Paul was born May 7, 1885, at Tongass Village. His Tlingit name was Shquindy and he was Raven of the Teeyhíttaan Clan. He earned a B.A. from Whitworth College and a law degree through La Salle University before returning to Alaska.

He helped build the Alaska Native Brotherhood (ANB), which holds the distinction of being the nation’s first Native American civil rights organization, into a potent political voice. In 1923, he launched the newspaper Alaska Fisherman to advance the ANB agenda.

Paul attacked school segregation, won citizenship rights for Natives, secured the right to vote and fought to protect salmon fishing — victories that were accomplished before the 1924 Indian Citizenship Act and during a period in American history when Native Americans openly were subjugated and their basic aboriginal and civil rights denied.

He also lobbied for the 1936 amendment to extend the 1934 Indian Reorganization Act (IRA) to Alaska, under which most Alaska tribal governments are organized today and in which he also introduced the idea of regional corporations and advocated for their incorporation under the IRA.

In 1923, he was elected to the Territorial Legislature as the first Alaskan Native legislator. He first introduced the resolution of land claims at the 1920 ANB Convention in Wrangell. During the 1930s, he successfully lobbied for the enactment of the 1935 Jurisdictional Act authorizing land claims litigation in the Court of Claims to secure compensation for the taking of aboriginal lands.

Paul adamantly and consistently asserted that clans are the owners of land under Tlingit law and filed cases in which he asserted that clans were the rightful entities to litigate land rights.

He achieved a stunning but short-termed legal victory in 1947 in Miller v. United States, in which the Ninth Circuit affirmed the existence of congressionally-recognized aboriginal land and ruled that it cannot be seized by the government against the consent of the Tlingit landowners without paying just compensation.

With the Forest Service selling billions of feet of timber, burning and destroying subsistence camps and driving the Tlingit from their lands, Paul resisted the confiscation of Tlingit property through legal action, which ultimately led to the timber escrow funds. Under his direction, Paul’s sons filed the Tee-Hit-Ton v. United States case to test the extent of Tlingit land rights in Alaska, arguing that Tlingit property may not be taken against their will without just compensation, and thus the sale of timber from Tlingit land was an unconstitutional taking.

The United States Supreme Court ruled against the Pauls and upheld that the confiscation of Tlingit property was legal, but despite the loss of the Tee-Hit-Ton v. United States case before the United States Supreme Court, Paul set the course for the resolution of Alaska Native aboriginal land claims and worked tirelessly throughout his lifetime to protect the ownership of Haa Áani.

Because Paul was one of the first to initiate formal legal and political action to resolve Native land claims in the early 1900s, and because of his extensive work on land claims from Southeast Alaska to the North Slope, he is considered the father of Alaska Native land claims.
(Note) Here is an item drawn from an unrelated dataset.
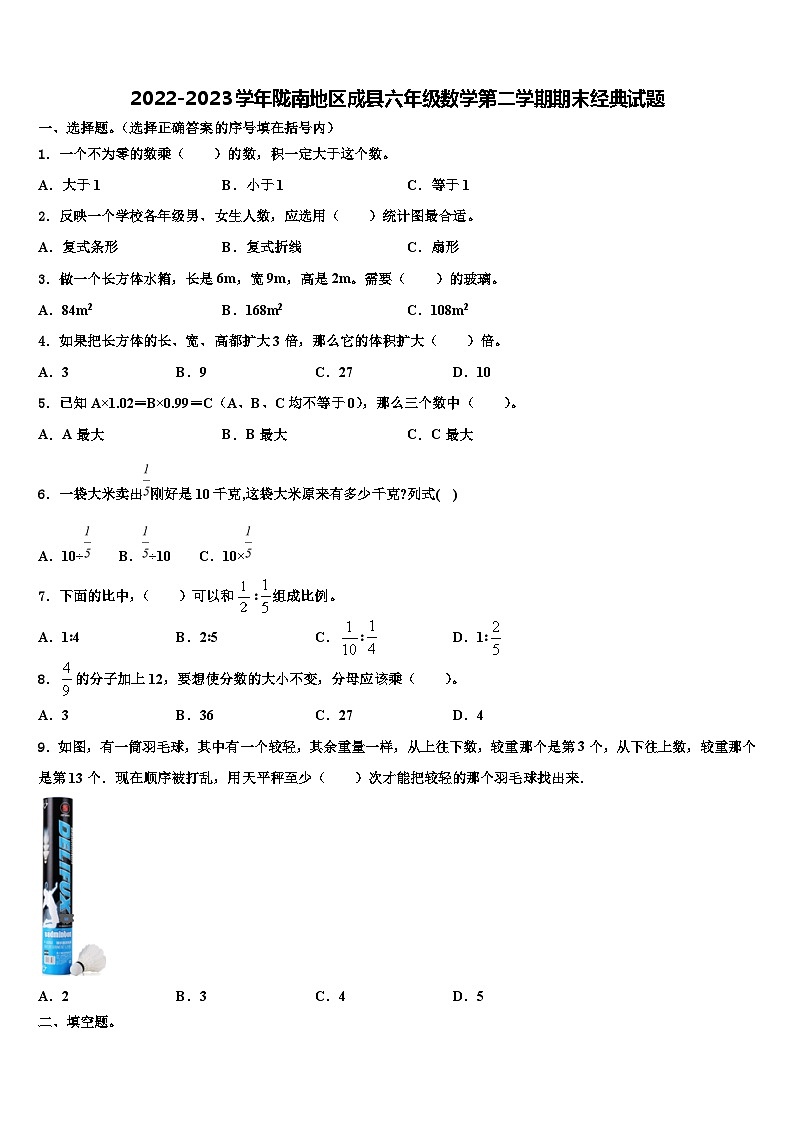 2022-2023学年陇南地区成县六年级数学第二学期期末经典试题含解析第1页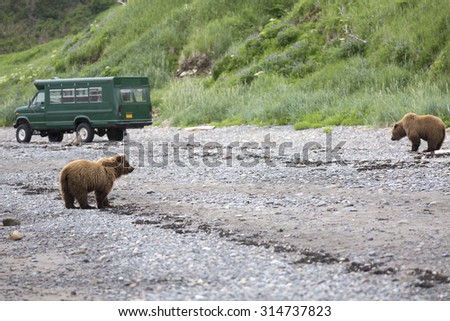 Brown bear viewing  in natural habitat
Paul worked closely with his brother, Louis Paul, and his sons William L. Paul, Jr., and Fred Paul, who were also attorneys. Paul Sr. died in 1977.

Sealaska Heritage Institute was founded in 1980 to promote cultural diversity and cross-cultural understanding. The institute is governed by a Board of Trustees and guided by a Council of Traditional Scholars. Its mission is to perpetuate and enhance Tlingit, Haida and Tsimshian cultures of Southeast Alaska.

The mission of SHI’s Library, Collections and Archives Program is to collect and preserve materials that document the history, culture, heritage and languages of the Tlingit, Haida and Tsimshian people and to make these materials available to the public for educational purposes.